=== Instructions for the task ===
Every entry, from the first line to the last, should be output exactly.

Given data: Begin

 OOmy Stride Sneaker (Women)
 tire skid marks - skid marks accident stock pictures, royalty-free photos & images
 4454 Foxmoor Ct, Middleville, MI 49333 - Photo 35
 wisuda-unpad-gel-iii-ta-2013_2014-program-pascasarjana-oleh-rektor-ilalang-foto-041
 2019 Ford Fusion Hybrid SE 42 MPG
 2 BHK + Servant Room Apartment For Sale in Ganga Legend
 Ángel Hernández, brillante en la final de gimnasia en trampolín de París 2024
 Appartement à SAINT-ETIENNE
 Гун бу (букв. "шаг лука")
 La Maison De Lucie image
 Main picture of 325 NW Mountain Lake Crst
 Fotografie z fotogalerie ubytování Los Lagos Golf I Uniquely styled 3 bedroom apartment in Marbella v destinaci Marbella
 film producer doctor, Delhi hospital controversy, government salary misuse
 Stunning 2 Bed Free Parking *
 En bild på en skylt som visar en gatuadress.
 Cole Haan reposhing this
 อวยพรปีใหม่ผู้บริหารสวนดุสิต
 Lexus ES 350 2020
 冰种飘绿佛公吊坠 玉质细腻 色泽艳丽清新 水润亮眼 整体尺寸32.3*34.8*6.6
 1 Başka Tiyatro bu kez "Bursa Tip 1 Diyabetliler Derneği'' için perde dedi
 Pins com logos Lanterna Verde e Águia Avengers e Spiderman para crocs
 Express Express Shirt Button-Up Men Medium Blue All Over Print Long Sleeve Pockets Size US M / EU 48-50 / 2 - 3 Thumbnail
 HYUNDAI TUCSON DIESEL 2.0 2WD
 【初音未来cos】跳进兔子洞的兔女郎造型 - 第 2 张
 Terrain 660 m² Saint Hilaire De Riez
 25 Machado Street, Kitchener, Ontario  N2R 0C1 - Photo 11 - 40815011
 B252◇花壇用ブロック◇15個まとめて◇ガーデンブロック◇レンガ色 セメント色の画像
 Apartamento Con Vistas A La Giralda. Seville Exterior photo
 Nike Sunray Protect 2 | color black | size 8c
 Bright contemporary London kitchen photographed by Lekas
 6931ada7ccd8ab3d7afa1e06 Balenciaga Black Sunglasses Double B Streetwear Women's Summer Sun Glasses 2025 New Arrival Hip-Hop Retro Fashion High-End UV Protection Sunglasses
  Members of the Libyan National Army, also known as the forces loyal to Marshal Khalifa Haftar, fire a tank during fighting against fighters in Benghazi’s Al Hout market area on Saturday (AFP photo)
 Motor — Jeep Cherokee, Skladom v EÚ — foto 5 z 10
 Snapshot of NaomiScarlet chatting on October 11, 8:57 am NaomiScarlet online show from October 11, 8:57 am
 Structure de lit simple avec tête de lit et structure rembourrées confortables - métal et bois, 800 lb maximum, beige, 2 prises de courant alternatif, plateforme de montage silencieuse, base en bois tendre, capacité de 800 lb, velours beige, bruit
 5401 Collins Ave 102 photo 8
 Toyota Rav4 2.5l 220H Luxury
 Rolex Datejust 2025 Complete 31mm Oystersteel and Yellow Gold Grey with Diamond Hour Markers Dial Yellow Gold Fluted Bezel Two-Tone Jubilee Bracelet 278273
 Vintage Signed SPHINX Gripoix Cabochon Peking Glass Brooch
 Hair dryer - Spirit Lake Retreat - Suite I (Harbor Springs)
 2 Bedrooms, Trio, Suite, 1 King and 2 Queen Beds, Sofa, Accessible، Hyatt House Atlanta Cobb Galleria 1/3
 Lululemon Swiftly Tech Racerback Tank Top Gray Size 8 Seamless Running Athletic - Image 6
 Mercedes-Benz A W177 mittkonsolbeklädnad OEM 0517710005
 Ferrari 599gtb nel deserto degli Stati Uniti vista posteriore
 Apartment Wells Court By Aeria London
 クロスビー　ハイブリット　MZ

Given data: End

=== Answer for this exercise ===
 OOmy Stride Sneaker (Women)
 tire skid marks - skid marks accident stock pictures, royalty-free photos & images
 4454 Foxmoor Ct, Middleville, MI 49333 - Photo 35
 wisuda-unpad-gel-iii-ta-2013_2014-program-pascasarjana-oleh-rektor-ilalang-foto-041
 2019 Ford Fusion Hybrid SE 42 MPG
 2 BHK + Servant Room Apartment For Sale in Ganga Legend
 Ángel Hernández, brillante en la final de gimnasia en trampolín de París 2024
 Appartement à SAINT-ETIENNE
 Гун бу (букв. "шаг лука")
 La Maison De Lucie image
 Main picture of 325 NW Mountain Lake Crst
 Fotografie z fotogalerie ubytování Los Lagos Golf I Uniquely styled 3 bedroom apartment in Marbella v destinaci Marbella
 film producer doctor, Delhi hospital controversy, government salary misuse
 Stunning 2 Bed Free Parking *
 En bild på en skylt som visar en gatuadress.
 Cole Haan reposhing this
 อวยพรปีใหม่ผู้บริหารสวนดุสิต
 Lexus ES 350 2020
 冰种飘绿佛公吊坠 玉质细腻 色泽艳丽清新 水润亮眼 整体尺寸32.3*34.8*6.6
 1 Başka Tiyatro bu kez "Bursa Tip 1 Diyabetliler Derneği'' için perde dedi
 Pins com logos Lanterna Verde e Águia Avengers e Spiderman para crocs
 Express Express Shirt Button-Up Men Medium Blue All Over Print Long Sleeve Pockets Size US M / EU 48-50 / 2 - 3 Thumbnail
 HYUNDAI TUCSON DIESEL 2.0 2WD
 【初音未来cos】跳进兔子洞的兔女郎造型 - 第 2 张
 Terrain 660 m² Saint Hilaire De Riez
 25 Machado Street, Kitchener, Ontario  N2R 0C1 - Photo 11 - 40815011
 B252◇花壇用ブロック◇15個まとめて◇ガーデンブロック◇レンガ色 セメント色の画像
 Apartamento Con Vistas A La Giralda. Seville Exterior photo
 Nike Sunray Protect 2 | color black | size 8c
 Bright contemporary London kitchen photographed by Lekas
 6931ada7ccd8ab3d7afa1e06 Balenciaga Black Sunglasses Double B Streetwear Women's Summer Sun Glasses 2025 New Arrival Hip-Hop Retro Fashion High-End UV Protection Sunglasses
  Members of the Libyan National Army, also known as the forces loyal to Marshal Khalifa Haftar, fire a tank during fighting against fighters in Benghazi’s Al Hout market area on Saturday (AFP photo)
 Motor — Jeep Cherokee, Skladom v EÚ — foto 5 z 10
 Snapshot of NaomiScarlet chatting on October 11, 8:57 am NaomiScarlet online show from October 11, 8:57 am
 Structure de lit simple avec tête de lit et structure rembourrées confortables - métal et bois, 800 lb maximum, beige, 2 prises de courant alternatif, plateforme de montage silencieuse, base en bois tendre, capacité de 800 lb, velours beige, bruit
 5401 Collins Ave 102 photo 8
 Toyota Rav4 2.5l 220H Luxury
 Rolex Datejust 2025 Complete 31mm Oystersteel and Yellow Gold Grey with Diamond Hour Markers Dial Yellow Gold Fluted Bezel Two-Tone Jubilee Bracelet 278273
 Vintage Signed SPHINX Gripoix Cabochon Peking Glass Brooch
 Hair dryer - Spirit Lake Retreat - Suite I (Harbor Springs)
 2 Bedrooms, Trio, Suite, 1 King and 2 Queen Beds, Sofa, Accessible، Hyatt House Atlanta Cobb Galleria 1/3
 Lululemon Swiftly Tech Racerback Tank Top Gray Size 8 Seamless Running Athletic - Image 6
 Mercedes-Benz A W177 mittkonsolbeklädnad OEM 0517710005
 Ferrari 599gtb nel deserto degli Stati Uniti vista posteriore
 Apartment Wells Court By Aeria London
 クロスビー　ハイブリット　MZ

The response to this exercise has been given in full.